Car-Mart to launch online credit application
America’s Car-Mart expects used vehicle prices to remain elevated through tax season and tax refund amounts its customers receive to increase from last year as the Bentonville-based buy here, pay here used car dealer works to improve its website, executives said.
In a recent earnings call, Jeff Williams, president and CEO, said the higher refunds should more than offset any issues related to customers not withholding enough of their income for taxes, resulting in a net increase in refund checks. Through late February, the company had yet to see an impact on sales from tax refunds.
The company is working to add a credit application to its website and should be available in the next few months, Williams said. It will also add pictures of vehicles and other features. He doesn’t expect the improvements to be a big investment for the company, which has been working on them for the past six or seven months.
Vickie Judy, chief financial officer, said vehicle quality has helped to drive traffic at dealerships, and the price of vehicles has risen as a result of higher wholesale vehicle prices. The prices rose 2.9% in 2018, according to J.D. Power Valuation Services.

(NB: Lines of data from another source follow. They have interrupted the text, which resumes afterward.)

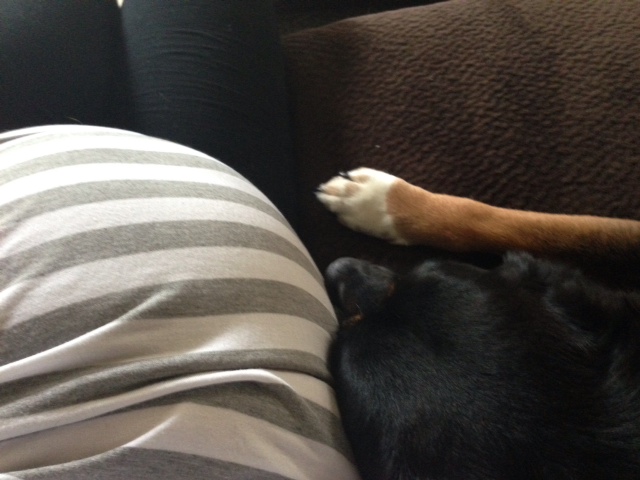 pregnancy From Wedding Rings to Baby Swings Page 2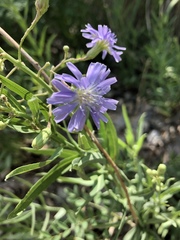 Lactuca tatarica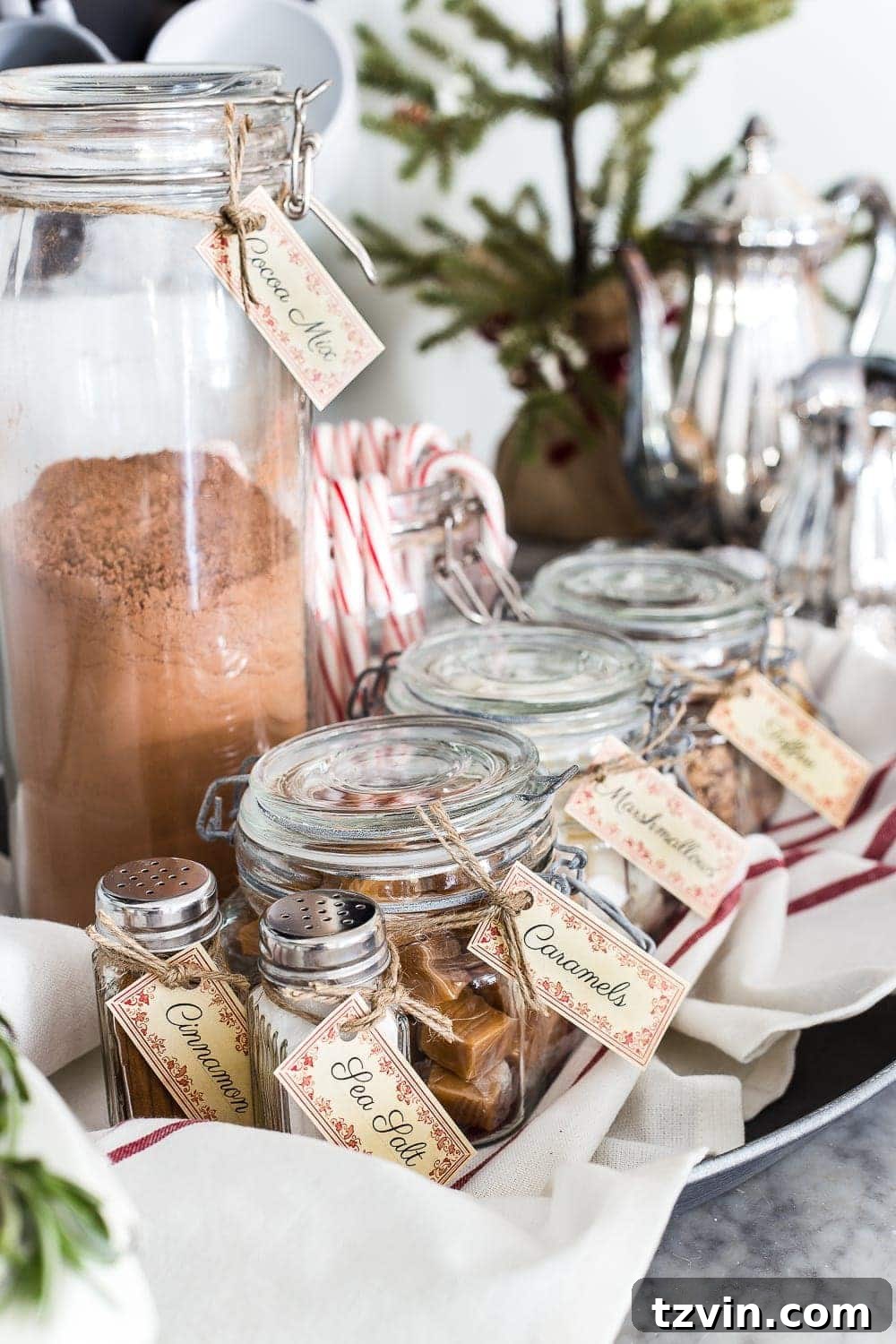 Hot Cocoa Bar Decorations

Vehicle quality has helped to reduce losses related to net charge-offs as customers will keep vehicles that operate properly, Judy said. Also, the company’s collections efforts have improved because of better visibility into the number of calls being made. Judy explained the next step is to improve call quality.
The company in December amended its revolving credit agreement to increase its borrowing power, from $200 million to $215 million, and reduced the interest by 10 basis points through May, Judy said. The terms were extended to December 2021. Company debt was $171 million at the end of the third quarter.
The company reported Feb. 19 that earnings for the third quarter of fiscal 2019, which ended Jan. 31, fell 18.6% to $10.88 million, or $1.55 per share, from $13.36 million, or $1.82 per share, in the same period in fiscal 2018. Revenue rose 9.4% to $161.05 million.